ムッツリーニ さんの感想・評価
3.9
物語 : 4.5
作画 : 4.0
声優 : 3.0
音楽 : 4.5
キャラ : 3.5
状態:観終わった
動かないままなら始まらないから
おそらく富野監督による最後のガンダム。
時は宇宙世紀からリギルド・センチュリーに移り千年余り。地球上のエネルギー源であるフォトン・バッテリーを宇宙よりもたらす軌道エレベータ、キャピタル・タワー。それを守護すべく組織されたキャピタル・ガード候補生のベルリ・ゼナムは、初めての実習の最中、いずれの国の技術でもない高性能モビルスーツ、G-セルフの襲撃を受ける。かの機体を操縦していたアイーダ・レイハントンと名乗る少女との出会いを経て、ベルリは世界の広さを知ることになる。
――と、あらすじはこんな所ですね。
所謂富野節と呼ばれる、富野監督作品独特の言い回しでかなり解りづらいですが、このお話はつまるところ「世界を広げていく物語」なんですね。
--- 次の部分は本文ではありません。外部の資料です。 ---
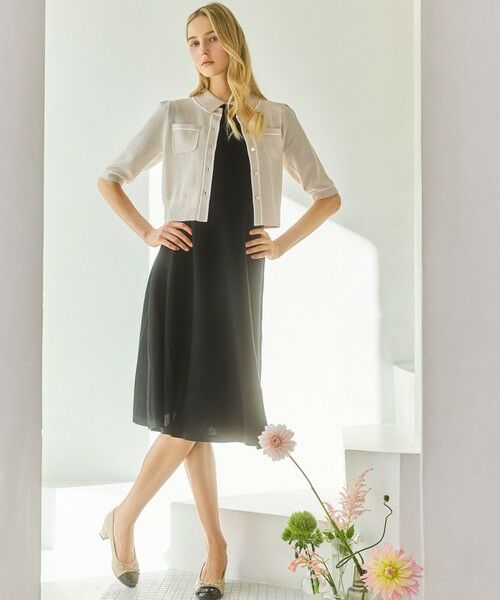 TOCCA / トッカ カーディガン・ボレロ | 【鈴木ゆうかさん着用】HONEYCOMB MESH KNIT カーディガン | 詳細3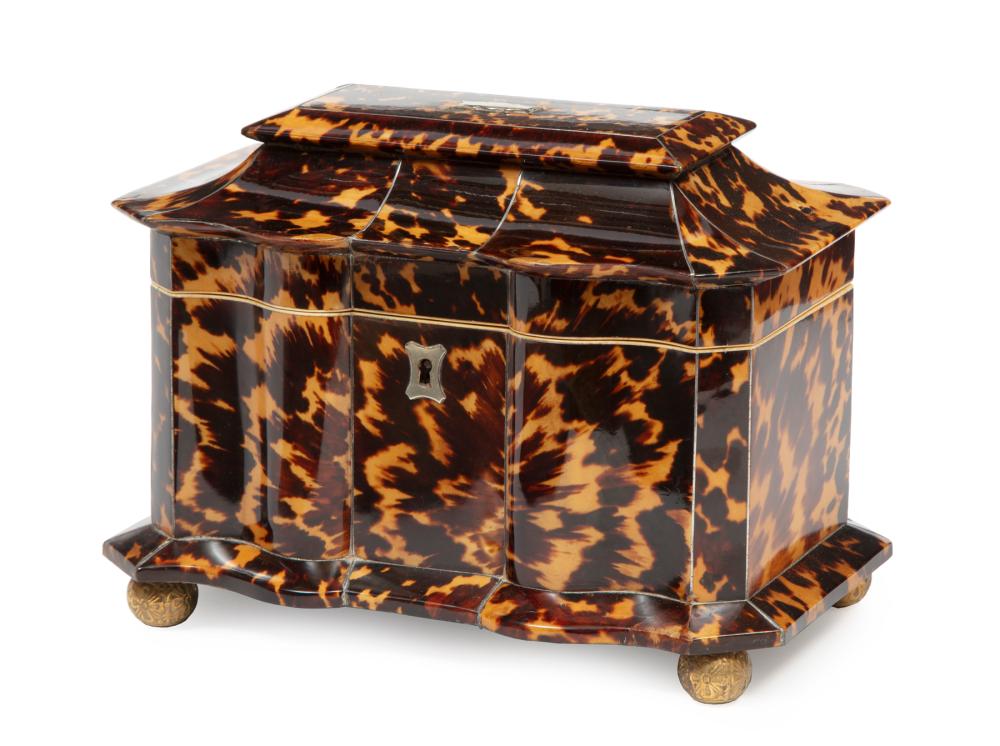 GEORGE III TORTOISESHELL TEA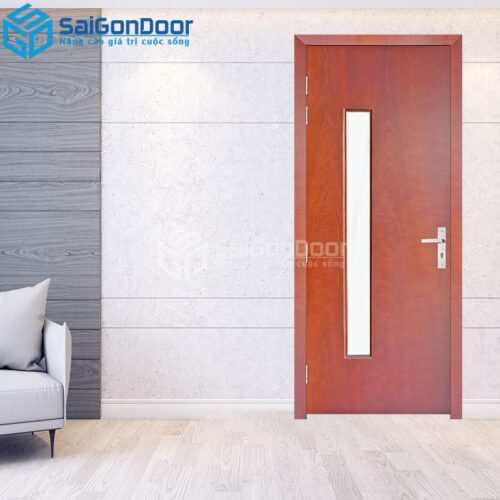 Cửa Gỗ MDF veneer P1G1 Căm Xe 2-MDFV-SGD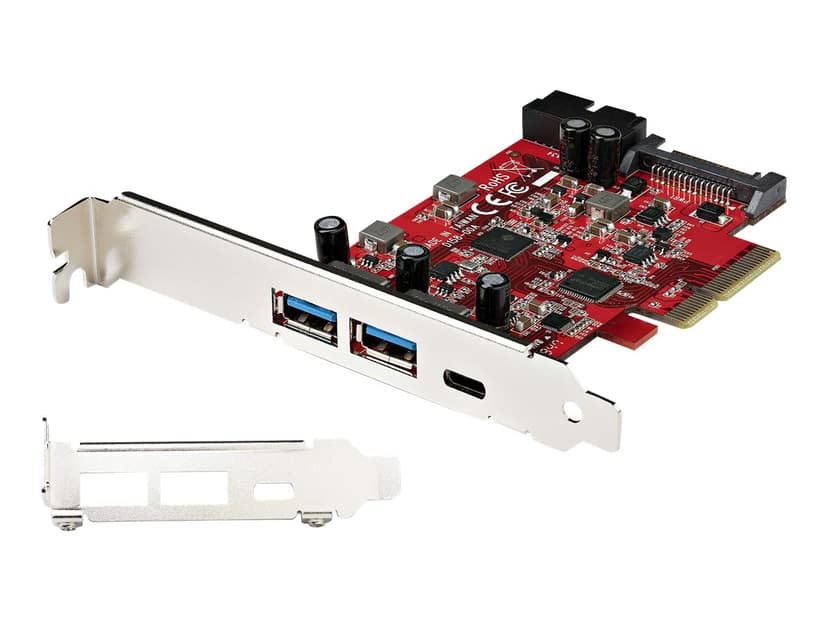 Startech .com 5 Port Usb Pcie Card - 10gbps 2x Usb-a 1x Usb-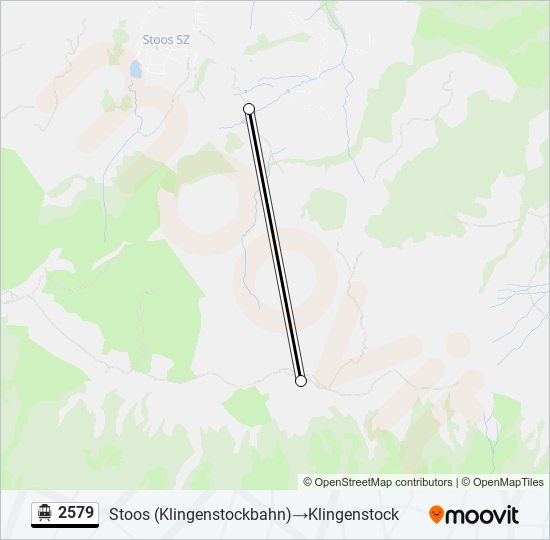 2579 Cable Car Line Map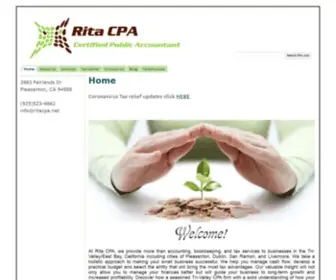 RitacPa.net(Rita CPA) Screenshot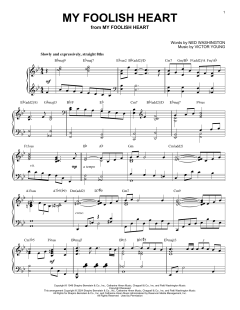 My Foolish Heart von Victor Young (Download) 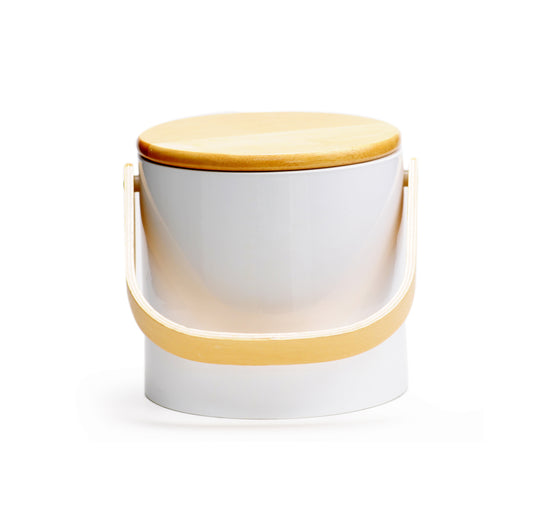 White Beachwood 3 qt. Ice Bucket image 0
1話1話と進んでいく毎に舞台が移り変わり、それまで自分が知っていた世界とは違う場所へ飛んで行く。それは世界が広がっていくということであり、そこがこの作品の根本的なテーマなのでしょう。
そしてある時アイーダが天に浮かぶ月を指さし「あそこまで行こう!」と持ちかける。それは今まで一切が謎に包まれていたフォトンバッテリーの製造方法を知るためでもあったのですが、あの月の向こうにある物への好奇心も多分に含まれていたことでしょう。
ベルリ達はとうとう宇宙へと飛び出し、月へと向かう。ただそこに待っていたのは、地球と同じように暮らし燻ぶる月の人々であり、結局彼らもフォトンバッテリーの受け渡しを行う仲介人でしかなかったという事実。落胆と失望を胸に帰途につく一行でしたが、その中でベルリは一人、新しい挑戦を見つけていた。
月には行ったのに、地球の事はまだ何も知らないと気付いたベルリは、今度は自分の足で世界を巡る旅に出ることにしたのです。
まだ知らない世界を見に行くために一歩踏み出し、スタートを切って走る。その先に未来があるんだと、この作品はきっとそういう事を言いたくて、それを徹頭徹尾ブレずにずっと語り続けているんでしょう。
……もし私に子供がいたらぜひ見せたい作品の一つですね、これは。絶対理解できないと思いますけど。